Segment Start: Extracted information

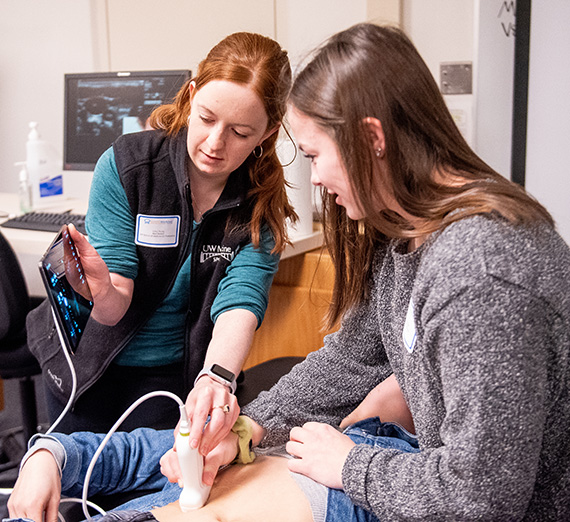Students using medical devices on patient 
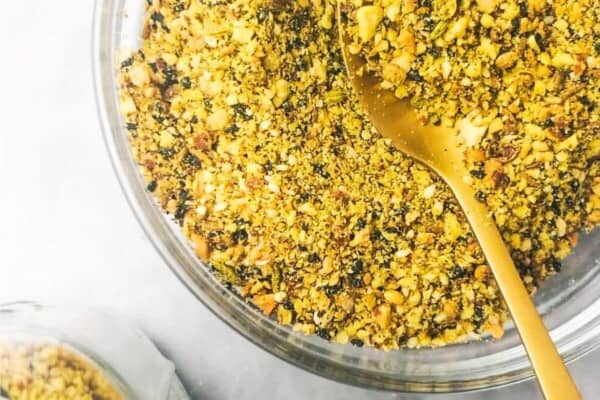 Dukkah in a small glass bowl with a jar on the side.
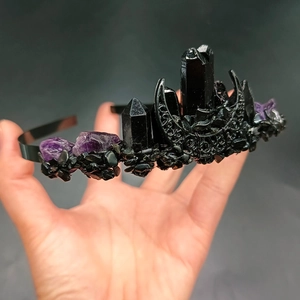 Detailed close-up of Gothic black crystal moon crown with raw amethyst stone details
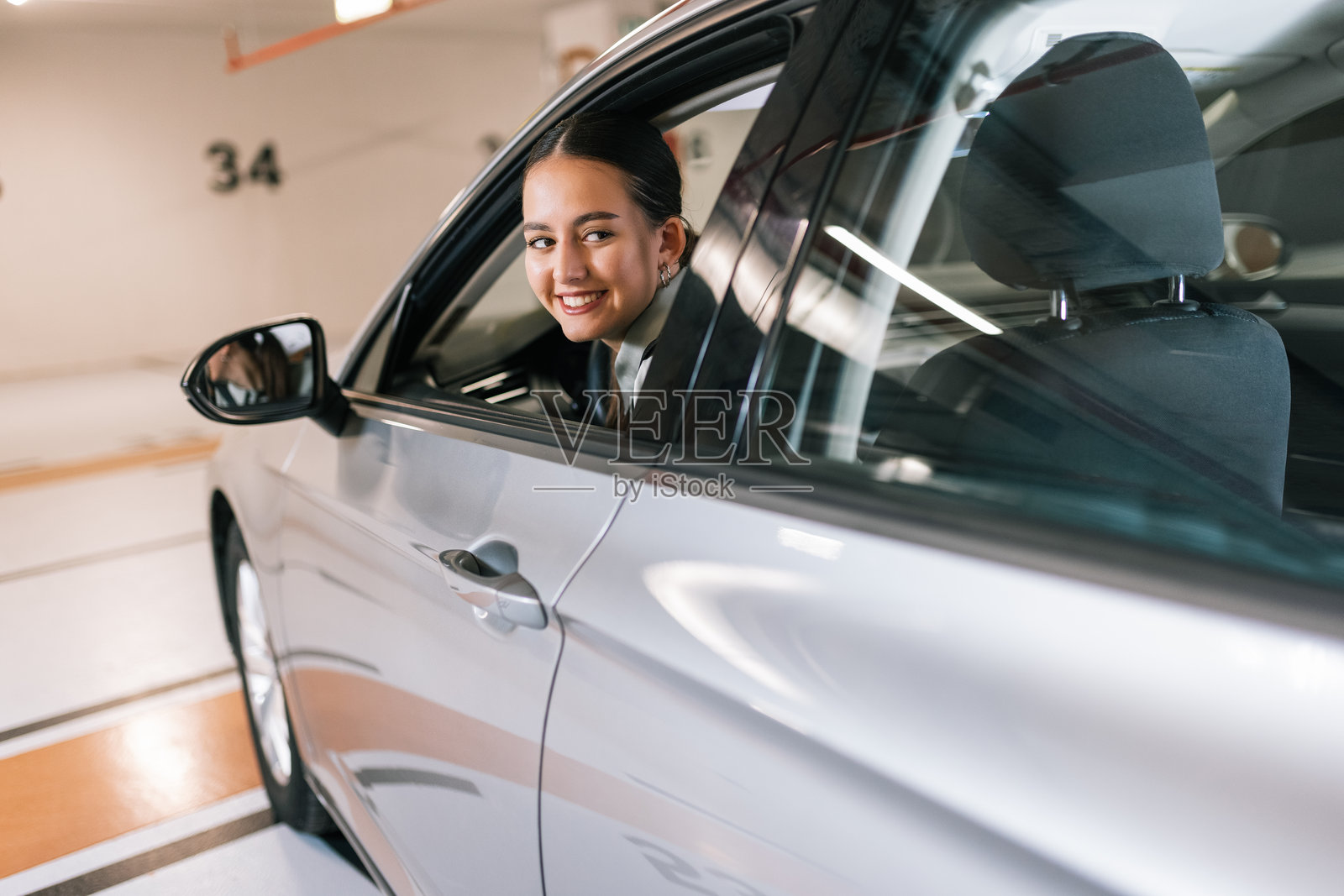 女商人在地下车库倒车停车。照片摄影图片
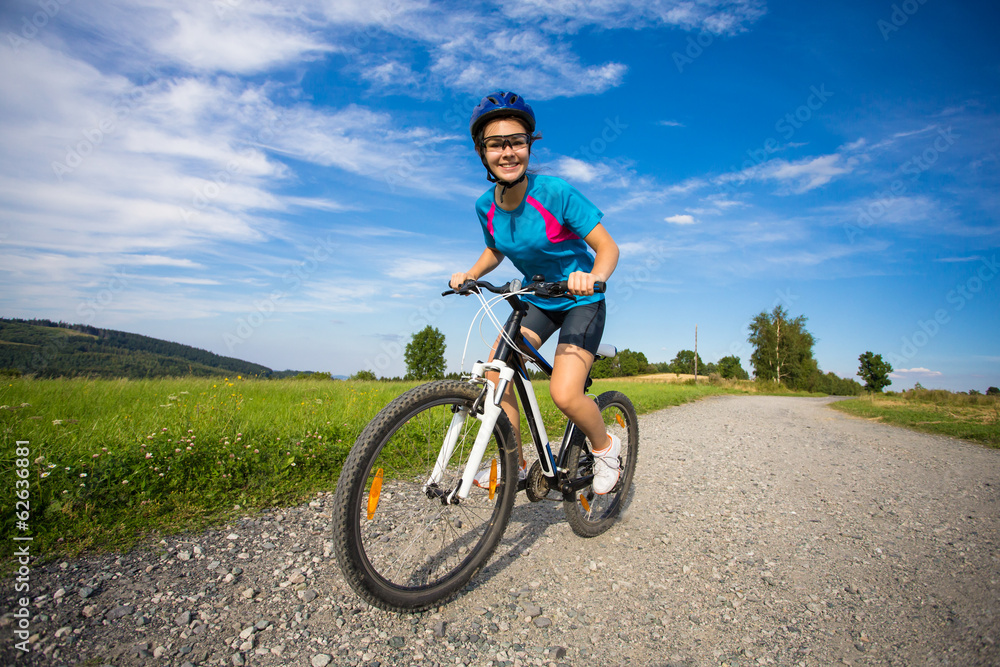 Healthy lifestyle - teenage girl biking Healthy lifestyle - teenage girl biking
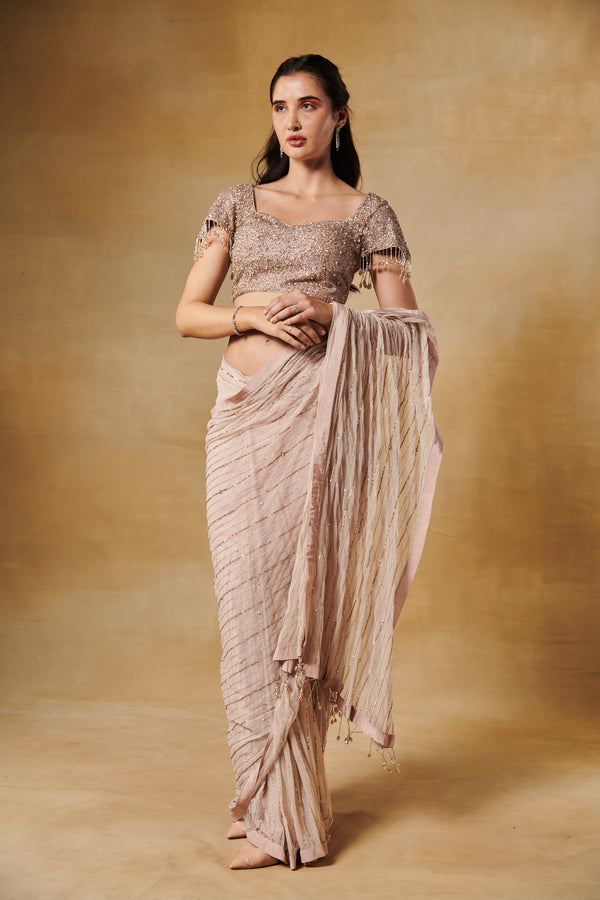 Champagne beige blush pre draped saree with heavy embroidery sequence blouse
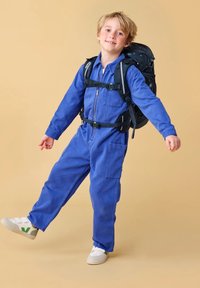 Mono de mezclilla azul con cremallera en la parte delantera, bolsillo en el pecho y grandes bolsillos laterales. Combinado con una mochila negra con un patrón de estrellas y zapatillas deportivas blancas.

Segment End: Extracted information

# [Goal of the exercise]
Exactly the lines from the top of the listing through the line holding "Champagne beige blush" should be repeated, with pictures left out.

# [Answer for this exercise]
Students using medical devices on patient 
 Dukkah in a small glass bowl with a jar on the side.
 Detailed close-up of Gothic black crystal moon crown with raw amethyst stone details
 女商人在地下车库倒车停车。照片摄影图片
 Healthy lifestyle - teenage girl biking Healthy lifestyle - teenage girl biking
 Champagne beige blush pre draped saree with heavy embroidery sequence blouse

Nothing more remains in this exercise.